NaN and division by 0 in solve_for

[MarkNahabedian]

I originally posted this to the Julia #helpdesk slack on October 9th, but didn't get an answer then. I'm feeling like it's a bug.

I'm having trouble using Symbolics.solve_for.

I'm working with vectors in three dimensional space. Because @variables is for real numbers, I've defined

eltname(name, i) = Symbol("($name)_$i")

function symbolic_vector(name::Symbol, n::Integer)
    map(variable, map(i -> eltname(name, i), 1:n))
end

This gives me a vector of n Symbolics variables.

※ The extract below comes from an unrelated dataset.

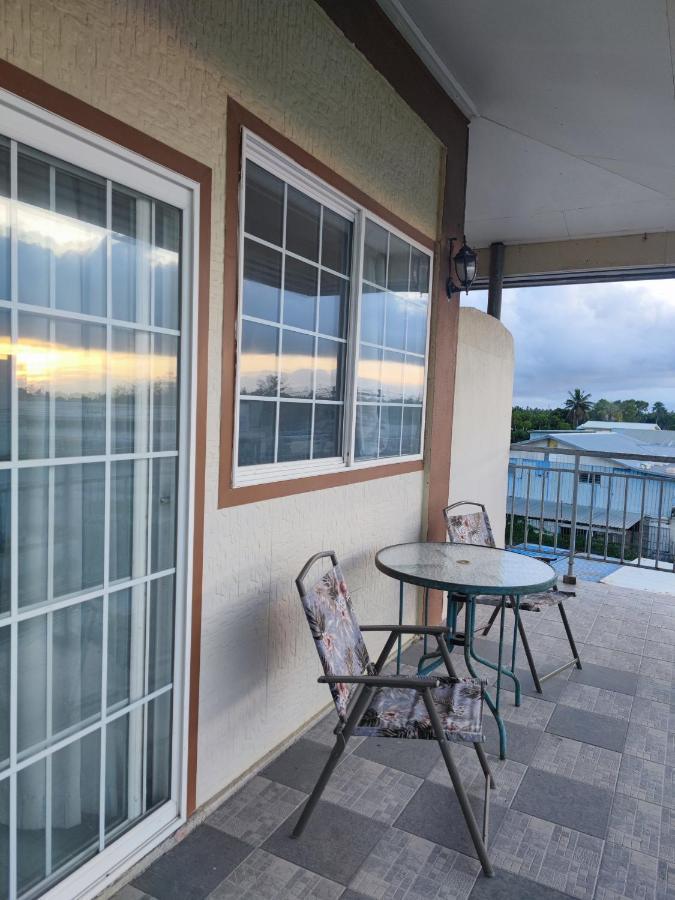 Dupincia Lodge Нукуалофа Номер фото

I think this is the approach suggested to me by (I think) Sashi at a recent CAJUN.

As a convenience, when I want to substitute numeric values for one of these vectors, I define

function vsubs(v::Vector{Symbolics.Num}, values...)
    Pair.(v, [1,2,3])
end

I should be able to wrap the results of multiple calls to vsubs in a Dict to pass to `Symbolics.substitute'.

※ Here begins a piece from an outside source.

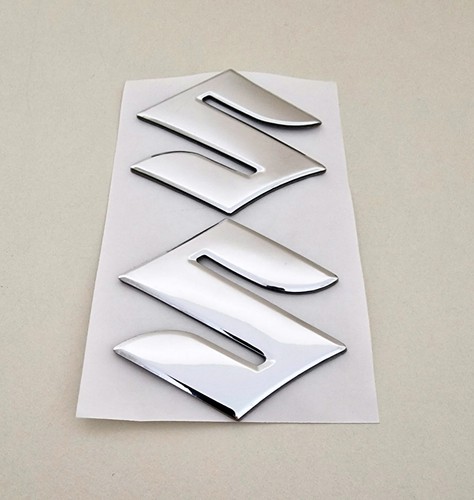 Suzuki silver chrome - suzuki, /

I can define a function that will give me the parametric formula for points on a line if I know two points on the line:

function line(p1, p2, param)
    p1 + param * (p2 - p1)
end

Suppose I want to find the point where two lines intersect:

let
    P1 = symbolic_vector(:P1, 3)
    P2 = symbolic_vector(:P2, 3)
    @variables r
    l1 = line(P1, P2, r)

    P3 = symbolic_vector(:P3, 3)
    P4 = symbolic_vector(:P4, 3)
    @variables s
    l2 = line(P3, P4, s)

    eq = Equation(l1, l2)
    solve_for(eq, s)
end

Yes, there is no guarantee that these lines intersect, but I don't see how that is a justification to divide by zero:

Symbolics.Num[
    (1//0)*(var"(P1)_1"
            - var"(P3)_1"
            + (-var"(P1)_1"
               + var"(P2)_1")*r
            - (-var"(P3)_1"
               + var"(P4)_1")*s),
    (1//0)*(var"(P1)_2"
            - var"(P3)_2"
            + (-var"(P1)_2"
               + var"(P2)_2")*r
            - (-var"(P3)_2"
               + var"(P4)_2")*s),
    (1//0)*(var"(P1)_3"
            - var"(P3)_3"
            + (-var"(P1)_3"
               + var"(P2)_3")*r
            - (-var"(P3)_3"
               + var"(P4)_3")*s)]
[1:3][1:3]

If I substitute concrete values for my points

let
    P1 = symbolic_vector(:P1, 3)
    P2 = symbolic_vector(:P2, 3)
    @variables r
    l1 = line(P1, P2, r)

    P3 = symbolic_vector(:P3, 3)
    P4 = symbolic_vector(:P4, 3)
    @variables s
    l2 = line(P3, P4, s)

    subs = Dict([
        vsubs(P1, 0, 0, 0)...,
        vsubs(P2, 10, 10, 0)...,
        vsubs(P3, 4, 0, 0)...,
        vsubs(P4, 0, 4, 0)...
    ])

    eq = Equation(l1, l2)
    # Expected solution: r = 0.2, s = 0.5.
    eq2 = substitute(eq, subs)    

    solve_for(eq2, s)
end

I can just look at eq2 and verify that r = 0.2 and s = 0.5, but the result of solve_for still has zero denominators:

Symbolics.Num[(1//0)*(-4 + 10r + 4s), (1//0)*(10r - 4s), NaN][1:3][1:3]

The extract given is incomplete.